Class ACERAnalysis


  • public class ACERAnalysis
    extends Object
    Average Conditional Exceedance Rate (ACER) method is for estimating the cdf of the maxima \(M\) distribution from observations. \[ F_M(\eta) = Pr(\max(X_1,X_2,...,X_n) \le \eta) \] With the assumption of the k-step markov-like dependency, the cdf \(F_M(\eta)\) becomes: \[ \begin{eqnarray} F_M(\eta) \approx P_k(\eta) & = & \exp(- \sum_{j=k}^N \alpha_{kj}(\eta) - \alpha_{k-1,k-1}(\eta) - ... - \alpha_{11}(\eta)) \\ & \approx & \exp(- \sum_{j=k}^N \alpha_{kj}(\eta)) \\ & \approx & \exp(- \epsilon_k(\eta) N) \end{eqnarray} \] where \(\alpha_{kj}(\eta)\) is the probability of the j-th element exceeding \(\eta\) conditional on the previous (k-1) non-exceedances, and \(\epsilon_k(\eta)\) is the mean of these conditional probabilities when \(N \to \infty\). The result could be used for estimation of an extreme distribution.

    This algorithm works as follows:

    1. By counting the occurrences of threshold exceedances conditional on (k-1) previous non-exceedances in the observations, find the empirical values for \(P_k(\eta_i)\) where \(\eta_i\) are various equally-spaced barrier levels (or, thresholds) greater than the given tail marker.
    2. Using the empirical \(P_k(\eta_i)\), fit the sub-asymptotic form of Gumbel distribution, i.e., the ACER function: \[ \hat{\epsilon_k}(\eta) = q_k exp(-a_k (\eta - b_k)^{c_k}), \eta \ge \eta_1. \]
    3. With the fitted parameters of the ACER function, calculate the confidence interval of the fitted ACER function.

    Another well-known estimation method is Peaks Over Threshold (POT). POT method assumes independence among extreme events, and therefore always requires declustering and dropping other non-peak data. This is considered to be wasteful. On the other hand, ACER method accounts for Markov-like dependence (i.e., k-step memory) in time series (with k=1 as a special case for event independence). That is, a threshold exceedance is considered as an occurrence if the previous (k-1) points are below the threshold. Experiments show that k=2 (i.e., conditional on one previous non-exceedance) is accurate enough for estimation for a wide range of data.

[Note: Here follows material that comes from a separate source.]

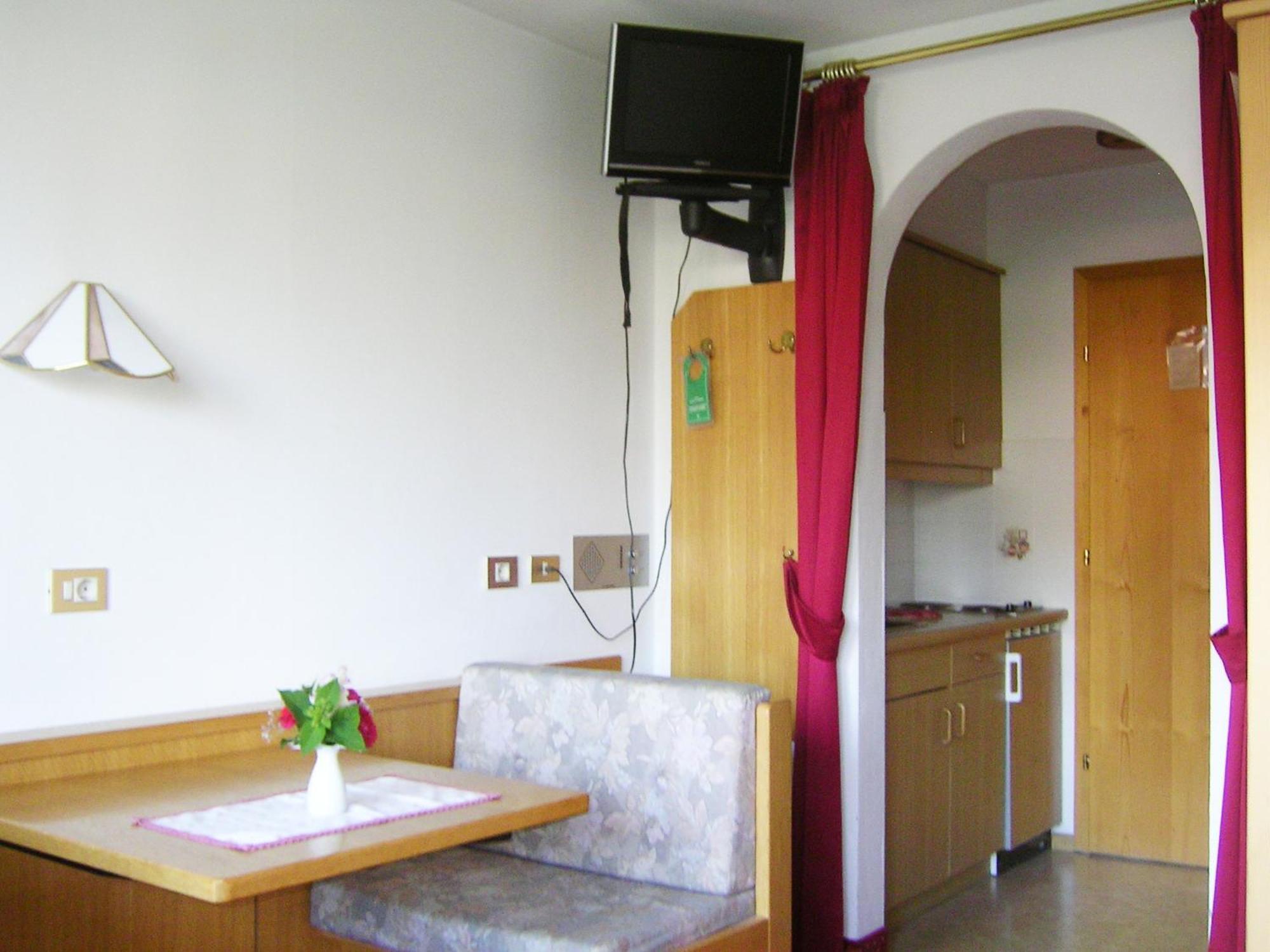Hotel Rainegg Olang Buitenkant foto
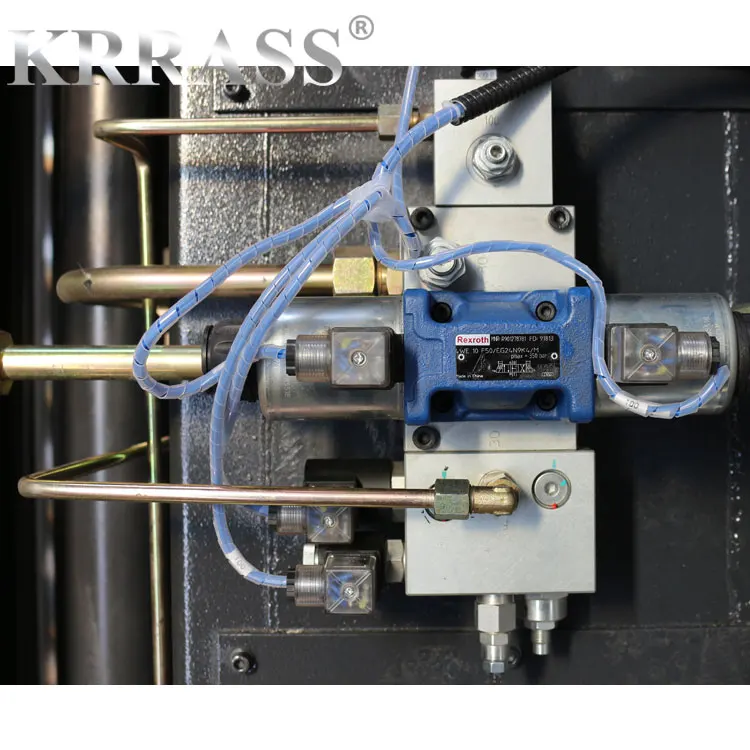 KRRASS 2 axis CNC листогибочный пресс PBA-100Tx3200 E200P E300 NC системы управления ЧПУ машина для гибки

    The R equivalent function is acer::acer.analysis.

    • Constructor Detail

      • ACERAnalysis

        public ACERAnalysis()
        Create an instance with the default values. That is,
         
         this(2, 300, 0.95, true, true);
         
         
      • ACERAnalysis

        public ACERAnalysis​(int kStepMemory,
                            int nLevels,
                            double confidenceLevel,
                            boolean usePeaksOnly,
                            boolean weightedByPeakCount)
        Create an instance with various options listed below.
        • the value of k in the assumed k-step memory model (k = 1 means no dependency on previous observations; k = 2 is good enough for most cases)
        • the number of barrier levels \(\eta_i\) for estimating the ACER values at different levels
        • the confidence level for computing the confidence interval of the estimated ACER function
        • whether or not to use only peaks in the observations for estimation (peaks are defined as data points whose values are preceded and followed by values smaller than itself)
        • whether or not to put more emphasis on periods in which more events occur
        Parameters:
        kStepMemory - the value of k in the k-step memory model
        nLevels - the number of barrier levels to be used for estimation
        confidenceLevel - the confidence level for computing confidence interval
        usePeaksOnly - true if use only peaks in the observations for estimation
        weightedByPeakCount - true if weight periods by the peak counts in the periods
    • Method Detail

      • run

        public ACERAnalysis.Result run​(double[] observations,
                                       double tailMarker)
        Run the analysis with single-period observations. Tail marker is used to determine the start of the distribution tail, i.e., extreme values.
        Parameters:
        observations - the observations (one row for each period, can has different length)
        tailMarker - the appropriately chosen tail level \(\eta_1\)
        Returns:
        the analysis result
      • run

        public ACERAnalysis.Result run​(double[][] observations,
                                       double tailMarker)
        Run the analysis with multi-period observations. Tail marker is used to determine the start of the distribution tail, i.e., extreme values.
        Parameters:
        observations - the observations (one row for each period, can has different length)
        tailMarker - the appropriately chosen tail level \(\eta_1\)
        Returns:
        the analysis result